Tommy said incredulously:

“And there really are these—these swine?”

“Everywhere. As I told you. In our service. In the fighting forces. On Parliamentary benches. High up in the Ministries. We've got to comb them out—we've
got
to! And we must do it quickly. It can't be done from the bottom—the small fry, the people who speak in the parks, who sell their wretched little news-sheets, they don't know who the big bugs are. It's the big bugs we want, they're the people who can do untold damage—and will do it unless we're in time.”

Tommy said confidently:

“We shall be in time, sir.”

Grant asked:

“What makes you say that?”

Tommy said:

“You've just said it—we've
got
to be!”

The man with the fishing line turned and looked full at his subordinate for a minute or two, taking in anew the quiet resolute line of the jaw. He had a new liking and appreciation of what he saw. He said quietly:

“Good man.”

He went on:

“What about the women in this place? Anything strike you as suspicious there?”

“I think there's something odd about the woman who runs it.”

“Mrs. Perenna?”

“Yes. You don't—know anything about her?”

Grant said slowly:

“I might see what I could do about checking her antecedents, but as I told you, it's risky.”

“Yes, better not take any chances. She's the only one who strikes me as suspicious in any way. There's a young mother, a fussy spinster, the hypochondriac's brainless wife, and a rather fearsome-looking old Irishwoman. All seem harmless enough on the face of it.”

“That's the lot, is it?”

“No. There's a Mrs. Blenkensop—arrived three days ago.”

“Well?”

Tommy said: “Mrs. Blenkensop is my wife.”

“What?”

In the surprise of the announcement Grant's voice was raised. He spun round, sharp anger in his gaze. “I thought I told you, Beresford, not to breathe a word to your wife!”

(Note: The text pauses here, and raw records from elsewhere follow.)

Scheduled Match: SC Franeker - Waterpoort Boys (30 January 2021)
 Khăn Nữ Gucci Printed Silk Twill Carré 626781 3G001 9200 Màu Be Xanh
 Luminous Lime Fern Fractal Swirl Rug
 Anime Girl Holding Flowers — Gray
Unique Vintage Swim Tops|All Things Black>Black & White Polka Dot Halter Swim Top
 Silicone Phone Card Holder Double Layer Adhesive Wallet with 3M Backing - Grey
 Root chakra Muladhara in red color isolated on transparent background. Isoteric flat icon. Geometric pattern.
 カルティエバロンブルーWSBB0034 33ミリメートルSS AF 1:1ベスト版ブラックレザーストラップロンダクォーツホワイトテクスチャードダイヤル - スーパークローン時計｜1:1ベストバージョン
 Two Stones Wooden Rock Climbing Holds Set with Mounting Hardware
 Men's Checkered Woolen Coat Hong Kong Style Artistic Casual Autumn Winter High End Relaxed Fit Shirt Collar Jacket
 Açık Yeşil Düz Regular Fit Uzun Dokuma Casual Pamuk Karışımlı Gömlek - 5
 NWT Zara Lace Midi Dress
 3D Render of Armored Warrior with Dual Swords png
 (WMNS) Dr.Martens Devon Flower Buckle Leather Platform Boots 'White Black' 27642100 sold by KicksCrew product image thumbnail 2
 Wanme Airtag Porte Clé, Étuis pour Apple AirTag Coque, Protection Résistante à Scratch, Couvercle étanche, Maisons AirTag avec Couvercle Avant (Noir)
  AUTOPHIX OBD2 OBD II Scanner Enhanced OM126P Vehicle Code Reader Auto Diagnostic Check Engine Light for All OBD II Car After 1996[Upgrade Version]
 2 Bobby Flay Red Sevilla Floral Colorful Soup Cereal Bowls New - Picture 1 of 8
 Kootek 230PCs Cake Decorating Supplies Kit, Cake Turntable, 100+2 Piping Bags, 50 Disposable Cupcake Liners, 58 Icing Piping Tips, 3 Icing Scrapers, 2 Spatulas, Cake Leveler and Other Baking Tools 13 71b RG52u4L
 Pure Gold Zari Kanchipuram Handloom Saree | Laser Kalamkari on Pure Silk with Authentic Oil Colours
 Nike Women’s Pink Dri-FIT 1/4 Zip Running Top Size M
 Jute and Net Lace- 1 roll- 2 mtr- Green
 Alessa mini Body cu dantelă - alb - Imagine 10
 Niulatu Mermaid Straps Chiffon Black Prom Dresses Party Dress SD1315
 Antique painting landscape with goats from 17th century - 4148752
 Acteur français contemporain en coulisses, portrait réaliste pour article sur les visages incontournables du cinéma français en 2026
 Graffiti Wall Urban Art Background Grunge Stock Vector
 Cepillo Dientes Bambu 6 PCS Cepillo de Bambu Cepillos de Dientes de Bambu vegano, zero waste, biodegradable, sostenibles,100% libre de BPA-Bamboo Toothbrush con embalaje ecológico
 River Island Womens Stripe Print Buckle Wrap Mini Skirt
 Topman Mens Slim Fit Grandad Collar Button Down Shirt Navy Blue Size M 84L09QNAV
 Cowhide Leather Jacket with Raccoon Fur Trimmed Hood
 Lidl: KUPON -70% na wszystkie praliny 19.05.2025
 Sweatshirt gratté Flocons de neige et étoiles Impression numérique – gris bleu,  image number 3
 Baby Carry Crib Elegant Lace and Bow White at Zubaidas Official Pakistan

“Quite right, sir, and I didn't. If you'll just listen—”

Succinctly, Tommy narrated what had occurred. He did not dare look at the other. He carefully kept out of his voice the pride that he secretly felt.

There was a silence when he brought the story to an end. Then a queer noise escaped from the other. Grant was laughing. He laughed for some minutes.

He said: “I take my hat off to the woman! She's one in a thousand!”

“I agree,” said Tommy.

“Easthampton will laugh when I tell him this. He warned me not to leave her out. Said she'd get the better of me if I did. I wouldn't listen to him. It shows you, though, how damned careful you've got to be. I thought I'd taken every precaution against being overheard. I'd satisfied myself beforehand that you and your wife were alone in the flat. I actually heard the voice in the telephone asking your wife to come round at once, and so—and so I was tricked by the old simple device of the banged door. Yes, she's a smart woman, your wife.”

He was silent for a minute, then he said:

“Tell her from me, will you, that I eat dirt?”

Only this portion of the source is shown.